Portugal Initiates the Age of Discovery
Portugal emerged as a nation in 1128 after the Battle of São Mamede with the defeat of the Moors, which is the Iberian name for the Muslims who invaded and controlled parts of the Iberian Peninsula from around 711 to 1492. After the re-conquest or Reconquista of Portugal was finalized in 1250 with the conquest of the south, Portugal began a period of great development in navigation. Instruments such as the compass and the astrolabe, which were Chinese and Arabian inventions respectively, allowed the Portuguese to successfully navigate the open sea above and below the equator. Improvements in cartography produced maps that were much more accurate than those of the Middle Ages. The Portuguese also developed the caravel, a ship with triangular sails and a square rig. A light, agile ship, the caravel could carry a large cargo with a small crew. Together, these advances allowed the Portuguese to begin establishing a maritime empire.

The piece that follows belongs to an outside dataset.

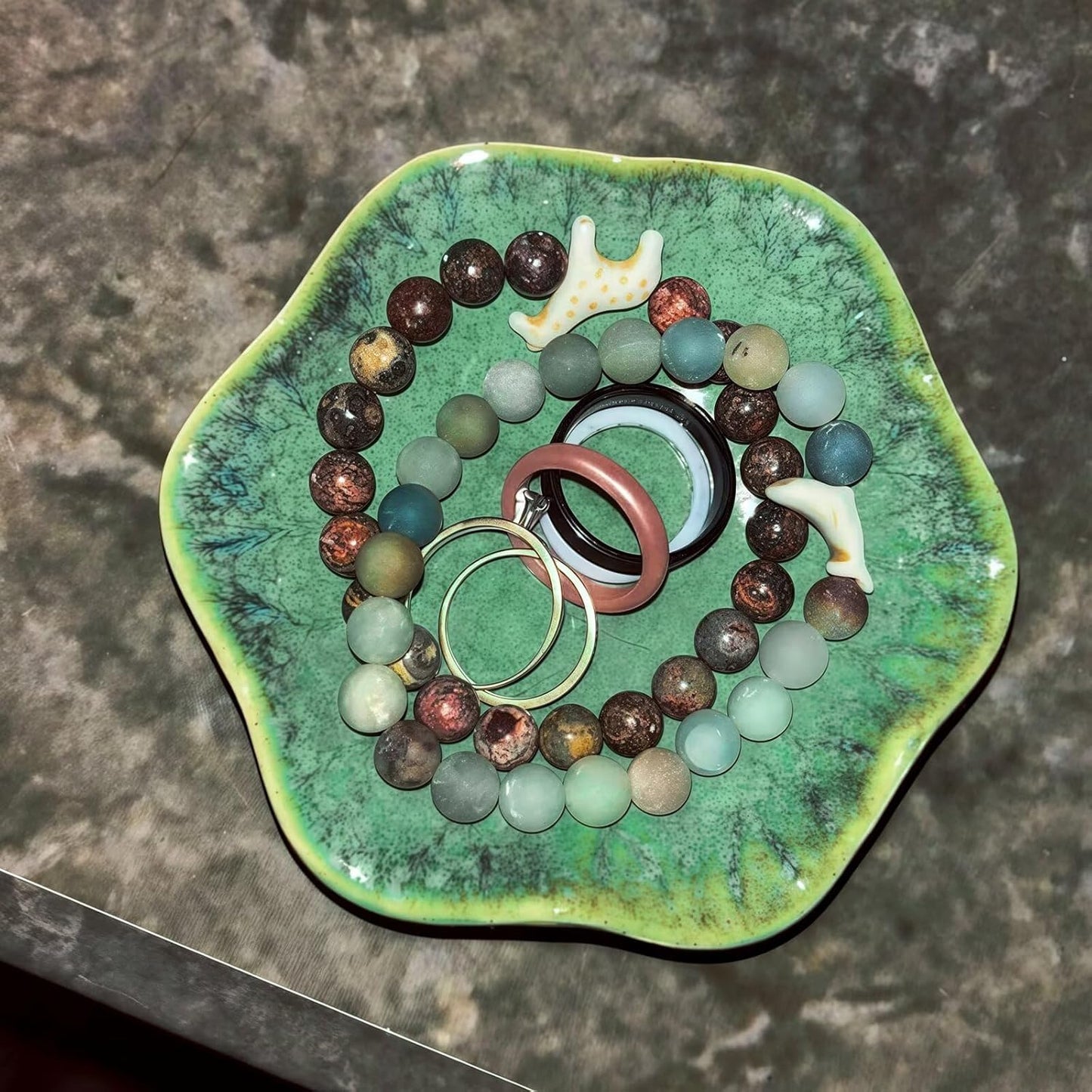 2Pcs Ceramic Jewelry Dish - Lotus Leaf Shape, for Ring Holder Necklace Small Key, Suitable for Mother Friend Sister, Gifts for Women, Cute Plate Trinket Tray, Home Decor (Crystal Green & Pink)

Under the sponsorship of Prince Henry the Navigator, Portugal began exploring the coast of Africa in order to trade and extend Christianity. Prince Henry the Navigator was the third son of John I, king of Portugal. He was called “the Navigator” because of his support of navigational studies in Portugal, where he established a school for it.
Like the Spanish and other Europeans, the chief desire of the Portuguese was to tap into the lucrative spice trade, including items such as cloves, pepper, and ginger. The spice trade, Europeans knew, originated somewhere in Asia and made its way through India before entering the hands of Muslim traders, who brought the product to European markets. Trade with Asia in spices would not only enrich the nation that established contact, but also would weaken the Muslim world and strengthen the Christian world by diverting the overland spice trade to a European sea trade. This promise of great wealth and sense of religious completion drove the Portuguese to explore the coast of Africa in search of a route to India. The same ideas motivated Columbus to seek a route to Asia and the spice trade by sailing west.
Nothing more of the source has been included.